A DSC spokesman said: "It's a historic irony that money was taken from charities across the UK to develop the park, hasn't been paid back and now charities will be paying rent for offices right next to it."

Outrage over the money taken from the BLF prompted the Labour government of the time to pledge to repay the debt from the sale of Olympics assets – a pledge subsequently reaffirmed by successive coalition and Conservative governments.

These assets are now owned by the London Legacy Development Corporation, which is responsible for the redevelopment of the park itself, but not the developments in which the charities will be renting premises.

A parliamentary question posed last year by Steve Reed, the shadow minister for civil society, revealed that just £57.5m had been recouped from asset sales.

With initial revenues from asset sales going to the Greater London Authority, not the lottery distributors, the DSC claims it could take more than 30 years to get to the full £425m repaid.

The DSC's big lottery refund campaign, supported by 4,000 charities, calls for an immediate return of the lottery cash.

Jay Kennedy, director of policy and research at the DSC, said: "We’re 11 years on from the big lottery raid in 2007 and six years on from London 2012. Yet few assets have been sold as promised and government statements are vague at best about when this will happen.

"At the same time, the value of new grants committed by the BLF fell by almost £200m in 2017 because of a fall in National Lottery revenue from ticket sales.

"They need a big lottery refund now, not in another decade."

A DCMS spokeswoman said: "The government is committed to paying back the £425m contributed by the Big Lottery Fund to support the London 2012 Olympic and Paralympic Games.

"We've been clear that the Big Lottery Fund will start receiving funds from the early 2020s."

A British Council spokeswoman said: "The British Council is due to relocate to our new headquarters in 2020."

A CRUK spokeswoman said: "We don’t think this is one for CRUK to comment on."

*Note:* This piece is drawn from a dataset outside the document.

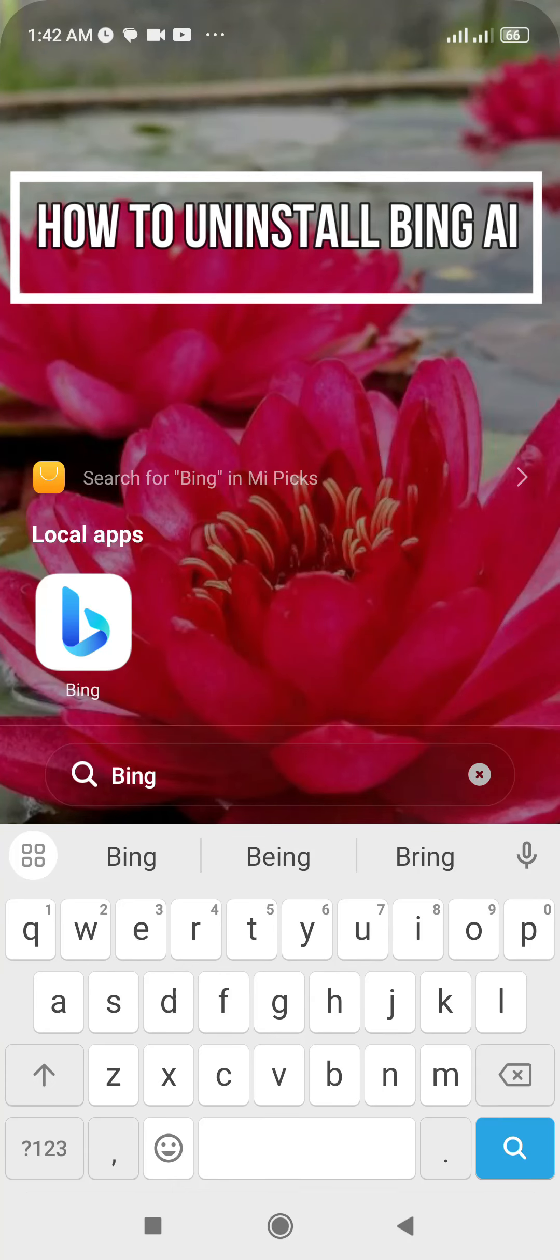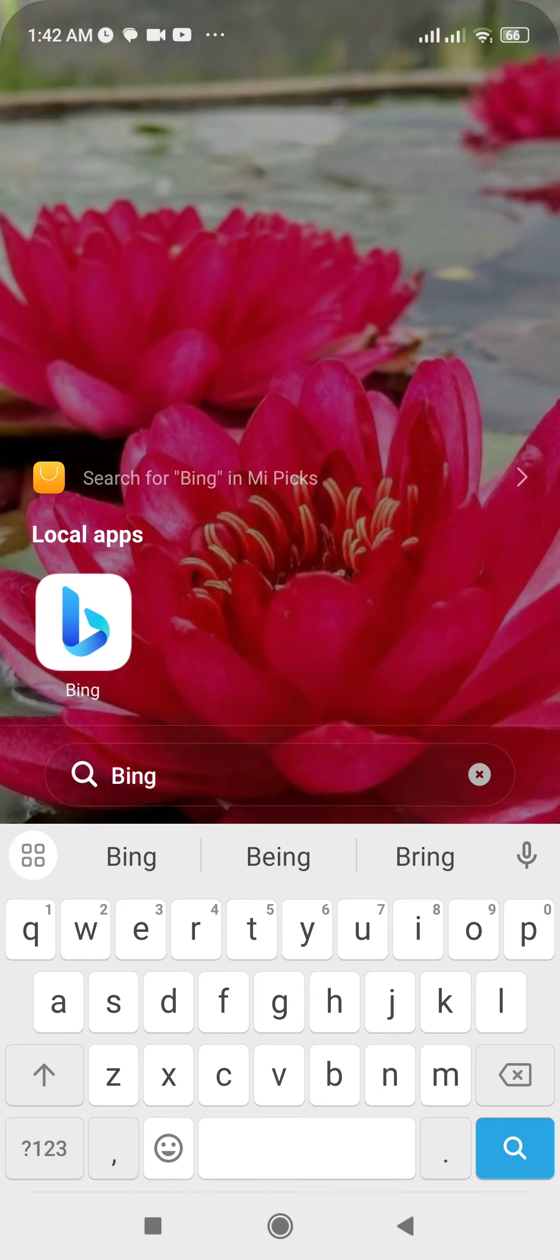Hello everybody and once again welcome back to Tech and Cryptos YouTube channel. Today in this video, I'm going to show you how you can uninstall Bing AI, so make sure you follow my steps till the end.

This story originally stated that the development CRUK and the British Council were planning to move into was owned by LLDC and located on the Olympic park site. This was based on a statement from the DSC, which in turn drew on inaccurate information on the Queen Elizabeth Olympic Park website, run by LLDC, which stated that the International Quarter London development was "located right in the centre of the park". The website has since been corrected.